I am not yet convinced that “lack of philosophical understanding” is a really significant driver of…
Paul Christiano

I seem to be more philosophically uncertain than you in general (e.g., I seem to be less sure that UDT is right or applicable to humans, or that utilitarianism is correct). This may account for some part of our disagreement, if you think that perhaps the “default” high-coordination outcome won’t be too bad under “actual” normativity, whereas I think there’s a much higher chance that normativity would look rather exotic/surprising and we likely won’t get close to what’s actually normative without prior understanding. For example, consider if actual normativity consists of tiling the universe with hedonium, or some form of negative utilitarianism, or putting everything towards trying to escape from simulation (or otherwise trying to influence something besides our apparent environment).

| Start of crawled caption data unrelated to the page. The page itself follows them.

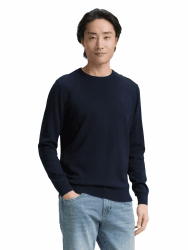 TOM TAILOR Herren Strickpullover mit Crewneck L 13160 - Knitted Navy Melange Angebot bei HelloDeals
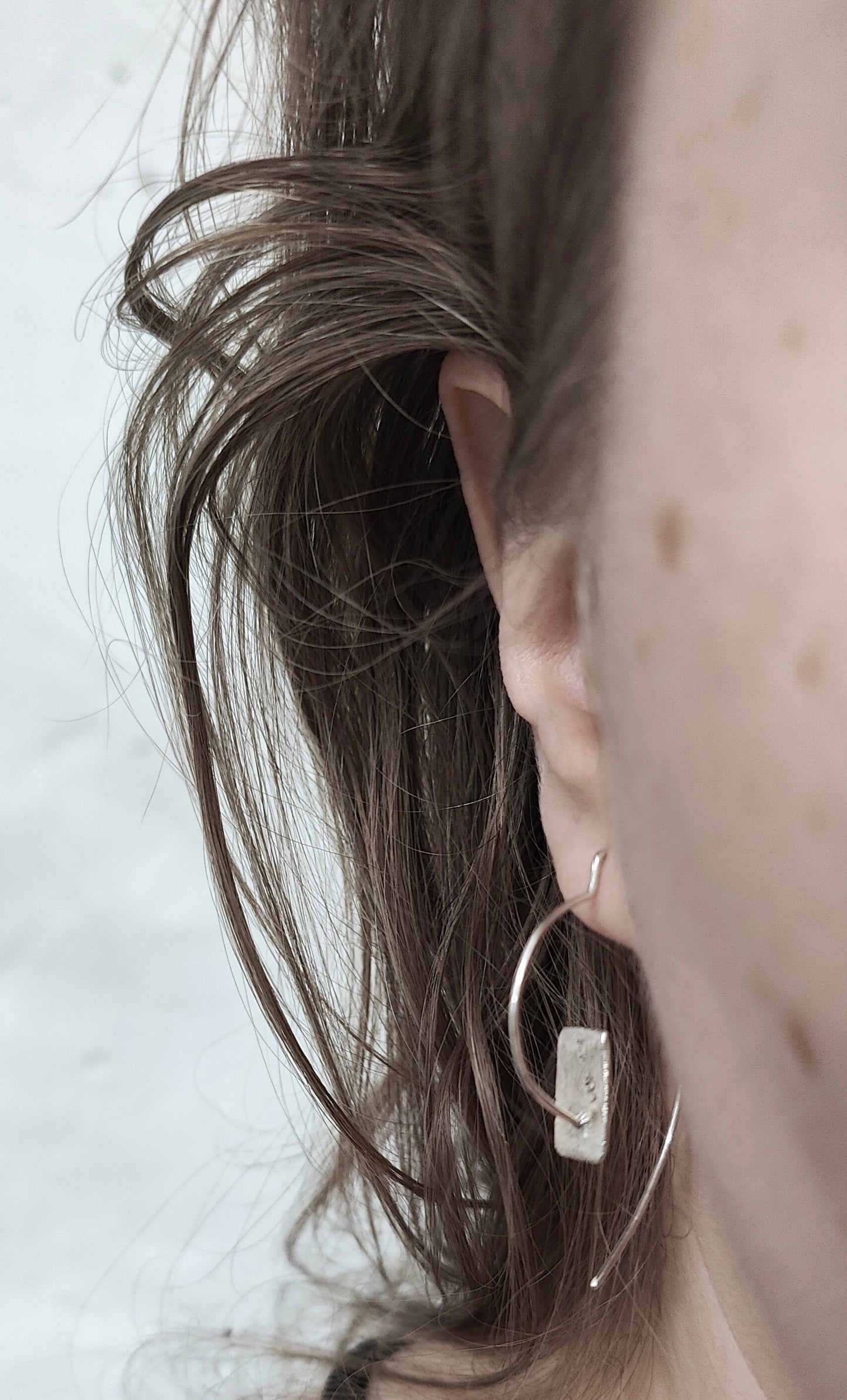 Fool's Gold brooch with brass accents, detail of materials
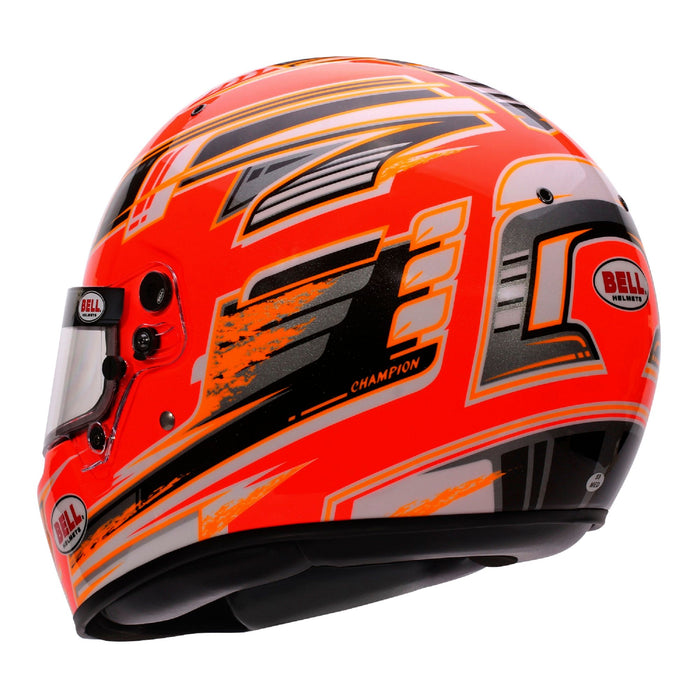 Bell KC7-CMR Champion Anthracite/Orange Kart Helmet  - Free Bell Fleece Helmet Bag - Rear Left - Fast 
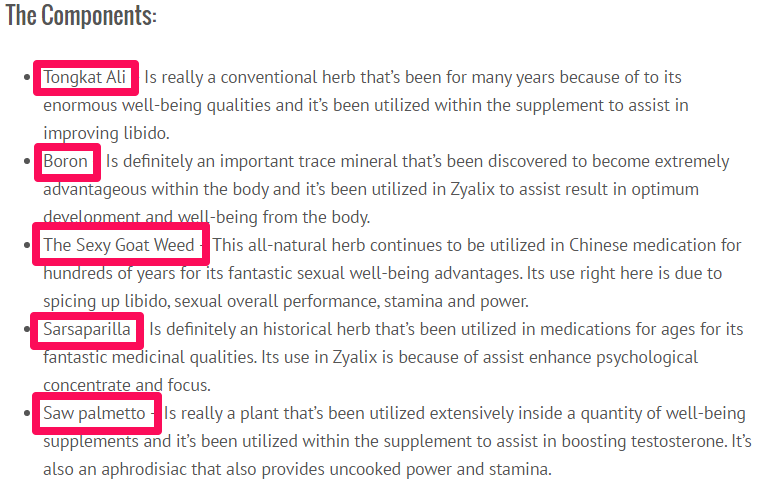 fake ingredients list in zyalix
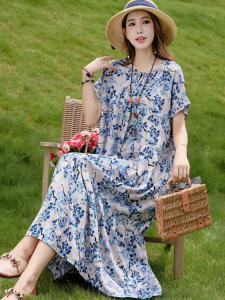 Casual Cotton Silk Dress for Middle-Aged And Elderly Summer Fashionable Loose Mommy Style Printed A-Line Dress Breathable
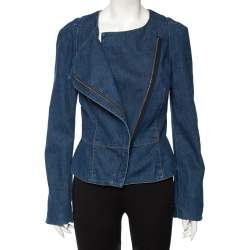 Pre Owned Alexander McQueen Blue Denim Diagonal Zipper Jacket M 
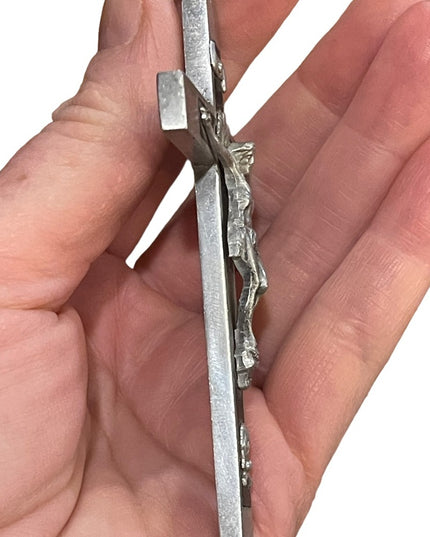 Antique Wood & brushed Aluminum hand forged Irish Large crucifix Cross pendant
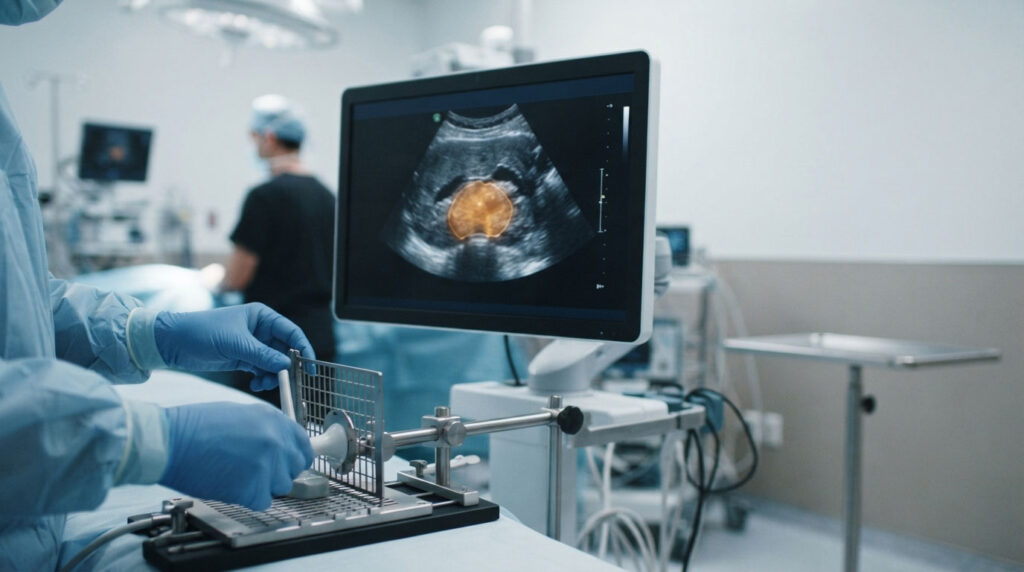 A medical professional prepares an ultrasound device in a surgical room with a monitor displaying an ultrasound image.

Another part seems to be that I think making AI defer to future human reflection will be difficult and costly, so doing that will require placing a high value on philosophical reflection, not just lacking antipathy towards it. How many people talk about anything like this or indirect normativity, even now that AI safety is a hot topic? Adding this feature may well be considered too costly even in terms of safety, unless someone is deeply uncertain about their values. (Think of system vulnerabilities introduced by bugs in crypto code.)

From my perspective, it seems that aside from an unlikely coincidence between what will happen and what is normative, there are only a few scenarios where something close to optimal will be achieved. 1) Some AI group (that shares my philosophical uncertainties) obtains such a large lead that they can afford to build in a lot of AI control features, including deferring to human reflection, and still win the AI race and obtain a decisive strategic advantage. 2) Some sort of metaphilosophical breakthrough is made that offers obvious benefits at such a low cost that every AI incorporates it and uses it instead of relying on human philosophical understanding. 3) No AI until both global coordination and human philosophical understanding are greatly improved (i.e., at least to the extent that most people realize how uncertain they ought to be and how much they ought to value reflection). Maybe a few more scenarios like these but hopefully you get the idea.